I don't know about the eating the other fish, I would imagine so. But, cardinal tetras and guppies are tropicals whereas goldies are not. They have very different requirements and should not be housed together, even for a short period of time. Unless your goldies are kept at tropical temperatures, your little fish probably succumbed to too cold water.


----------



## emc7

goldfish are omnivores, if they can catch it and it fits in their mouth they will eat it.


----------



## hogan7

they most definatly will eat small tetras, ive seen it happen usually done at night when the tetra basically swims into the fishes mouth


----------



## Guest

A basic law of keeping fish. If a fish will fit in another fish's mouth, that fish will eventually become dinner. Of course there are exceptions to this, but they are VERY rare.


----------



## Niki2105

Like the others said, if it fits in their mouths fish will eat it, be it food or other fish.
I would like to disagree with Sprite42 with the Goldfish cant live in warm water. Goldfish are called Cold water fish because they CAN live in freezing water not because they have to. They can live perfectly normal healthy lives in warm tropical water, mind you I wouldnt let their temp go above 80 degrees but then again I probally wouldnt have any other fish have that warm of water either. Im just getting tired of people saying that Goldfish cannot live in a tropical tank because they are cold water fish. My Goldfish tank is kept at room temperature of about 75-78 degrees like my 2 tropical tanks and they do fine in it. Sorry for the rant and im sorry if it sounds rude but I just want people to know that goldfish do not have to live in cold water.
Niki.


----------



## Sprite42

I understand your rant...But, I never said that goldfish could not be kept at tropical temps. I stated that they are not 'tropical' fish. Very big difference.

You may want to re-read that again.


----------



## abnrmlisme

The temp in the tank is kept at a degree comfortable for my tropical fish, usually btwn 75 or 80 degrees..We're getting rid of the golds tomorrow..


----------



## Guest

Niki2105 said:


> Like the others said, if it fits in their mouths fish will eat it, be it food or other fish.
> I would like to disagree with Sprite42 with the Goldfish cant live in warm water. Goldfish are called Cold water fish because they CAN live in freezing water not because they have to.

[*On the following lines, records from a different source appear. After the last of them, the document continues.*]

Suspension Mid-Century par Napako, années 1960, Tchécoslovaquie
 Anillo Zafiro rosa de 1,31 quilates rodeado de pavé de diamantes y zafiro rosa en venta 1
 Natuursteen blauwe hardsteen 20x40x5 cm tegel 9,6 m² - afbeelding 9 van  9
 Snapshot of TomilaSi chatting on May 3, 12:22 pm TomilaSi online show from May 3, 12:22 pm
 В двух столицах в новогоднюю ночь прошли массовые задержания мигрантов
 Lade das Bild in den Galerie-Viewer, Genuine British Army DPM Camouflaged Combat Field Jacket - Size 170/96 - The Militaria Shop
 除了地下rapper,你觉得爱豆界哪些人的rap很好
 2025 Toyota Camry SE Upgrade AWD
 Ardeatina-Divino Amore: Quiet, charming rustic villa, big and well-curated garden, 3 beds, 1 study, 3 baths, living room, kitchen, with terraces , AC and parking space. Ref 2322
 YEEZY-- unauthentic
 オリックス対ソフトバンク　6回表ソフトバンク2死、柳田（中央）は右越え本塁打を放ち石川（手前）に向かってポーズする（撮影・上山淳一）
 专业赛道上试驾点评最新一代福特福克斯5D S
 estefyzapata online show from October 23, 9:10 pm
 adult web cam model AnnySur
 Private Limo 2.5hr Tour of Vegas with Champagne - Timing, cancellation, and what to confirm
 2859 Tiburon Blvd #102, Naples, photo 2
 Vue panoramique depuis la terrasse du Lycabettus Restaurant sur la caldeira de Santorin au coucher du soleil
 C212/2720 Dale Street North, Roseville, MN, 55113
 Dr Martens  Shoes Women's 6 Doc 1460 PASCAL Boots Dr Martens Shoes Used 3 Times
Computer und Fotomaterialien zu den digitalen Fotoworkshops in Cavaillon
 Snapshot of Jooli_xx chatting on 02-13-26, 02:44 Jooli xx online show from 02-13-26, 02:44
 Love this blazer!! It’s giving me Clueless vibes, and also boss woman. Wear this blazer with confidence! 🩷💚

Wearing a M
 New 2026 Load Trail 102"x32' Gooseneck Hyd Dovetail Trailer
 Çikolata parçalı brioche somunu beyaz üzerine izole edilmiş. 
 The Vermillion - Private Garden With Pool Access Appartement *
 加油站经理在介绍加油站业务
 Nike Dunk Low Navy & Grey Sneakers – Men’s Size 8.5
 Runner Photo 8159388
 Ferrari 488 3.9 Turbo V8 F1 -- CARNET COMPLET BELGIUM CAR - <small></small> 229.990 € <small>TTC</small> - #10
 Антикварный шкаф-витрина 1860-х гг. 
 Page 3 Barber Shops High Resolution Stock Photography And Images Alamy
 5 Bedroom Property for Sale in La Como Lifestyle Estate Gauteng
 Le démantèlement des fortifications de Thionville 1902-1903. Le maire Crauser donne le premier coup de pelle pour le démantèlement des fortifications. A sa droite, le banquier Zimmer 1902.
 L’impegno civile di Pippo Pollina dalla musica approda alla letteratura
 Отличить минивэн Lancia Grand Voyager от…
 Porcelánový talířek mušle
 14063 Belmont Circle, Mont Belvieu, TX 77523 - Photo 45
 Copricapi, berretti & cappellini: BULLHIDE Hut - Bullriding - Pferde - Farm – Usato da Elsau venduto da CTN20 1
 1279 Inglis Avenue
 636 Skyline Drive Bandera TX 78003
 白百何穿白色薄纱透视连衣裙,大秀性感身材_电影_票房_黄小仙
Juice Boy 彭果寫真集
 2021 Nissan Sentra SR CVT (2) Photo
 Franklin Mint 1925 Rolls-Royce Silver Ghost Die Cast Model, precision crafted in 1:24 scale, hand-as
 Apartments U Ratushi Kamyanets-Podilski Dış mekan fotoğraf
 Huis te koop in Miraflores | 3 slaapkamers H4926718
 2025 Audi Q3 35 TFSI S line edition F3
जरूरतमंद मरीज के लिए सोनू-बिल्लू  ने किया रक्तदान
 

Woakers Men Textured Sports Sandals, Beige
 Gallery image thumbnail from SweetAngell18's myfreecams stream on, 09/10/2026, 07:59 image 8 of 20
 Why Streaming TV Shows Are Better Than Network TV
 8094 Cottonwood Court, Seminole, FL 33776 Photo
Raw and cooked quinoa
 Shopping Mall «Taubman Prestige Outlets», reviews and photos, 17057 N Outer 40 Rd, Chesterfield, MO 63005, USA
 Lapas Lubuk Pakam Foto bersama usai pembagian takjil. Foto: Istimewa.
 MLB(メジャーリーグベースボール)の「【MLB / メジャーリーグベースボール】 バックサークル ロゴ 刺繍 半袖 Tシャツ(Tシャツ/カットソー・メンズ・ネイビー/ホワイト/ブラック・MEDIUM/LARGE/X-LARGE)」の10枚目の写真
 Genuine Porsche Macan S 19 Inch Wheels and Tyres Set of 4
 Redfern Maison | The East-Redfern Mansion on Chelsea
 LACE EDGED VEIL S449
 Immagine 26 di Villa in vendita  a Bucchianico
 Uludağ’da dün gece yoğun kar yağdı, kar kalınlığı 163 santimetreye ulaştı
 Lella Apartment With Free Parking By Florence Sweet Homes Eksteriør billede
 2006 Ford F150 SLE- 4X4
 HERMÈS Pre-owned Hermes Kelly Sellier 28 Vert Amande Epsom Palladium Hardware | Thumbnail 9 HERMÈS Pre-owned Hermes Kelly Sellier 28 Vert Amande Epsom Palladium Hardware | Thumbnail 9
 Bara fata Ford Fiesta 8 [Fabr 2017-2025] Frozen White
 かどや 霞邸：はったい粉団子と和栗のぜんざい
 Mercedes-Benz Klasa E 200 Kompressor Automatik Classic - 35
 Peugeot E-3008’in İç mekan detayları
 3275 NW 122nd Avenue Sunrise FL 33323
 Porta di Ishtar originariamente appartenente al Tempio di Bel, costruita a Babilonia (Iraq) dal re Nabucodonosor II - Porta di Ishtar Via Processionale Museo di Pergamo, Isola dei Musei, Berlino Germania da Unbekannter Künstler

They can live perfectly normal healthy lives in warm tropical water, mind you I wouldnt let their temp go above 80 degrees but then again I probally wouldnt have any other fish have that warm of water either. Im just getting tired of people saying that Goldfish cannot live in a tropical tank because they are cold water fish. My Goldfish tank is kept at room temperature of about 75-78 degrees like my 2 tropical tanks and they do fine in it. Sorry for the rant and im sorry if it sounds rude but I just want people to know that goldfish do not have to live in cold water.
> Niki.


Actually when they are in tropical temp waters they become sluggish.


----------



## CyberSpike

My buddy had a massive goldfish kept with his bala shark, then one day he looked to see the sharks tail sticking out of the goldie...


----------



## Guest

Ewwww!!! When I was younger (like 8 years old or younger) I had 2 goldfish in what I think was a 2g bowl that had a airstone in it and the pump was to strong for the bowl and one time when I got back from out of town one of the goldfish had eaten the other one and then it died as I guess it choked on the goldfish as its the other goldfish's tail was sticking out of its mouth.


----------



## Guest

DurbKat...that's pretty nasty and sad lost 2 goldfish at the same time


----------



## mayastarocker

I would not have any fish that can fit into their mouth. I was afraid that some of the minnows that I had the 2 goldfish would eat them. In the end, they never did. Mine were about 4-4.5 inches long. They got that big in three months in my 100+ gal pond.


----------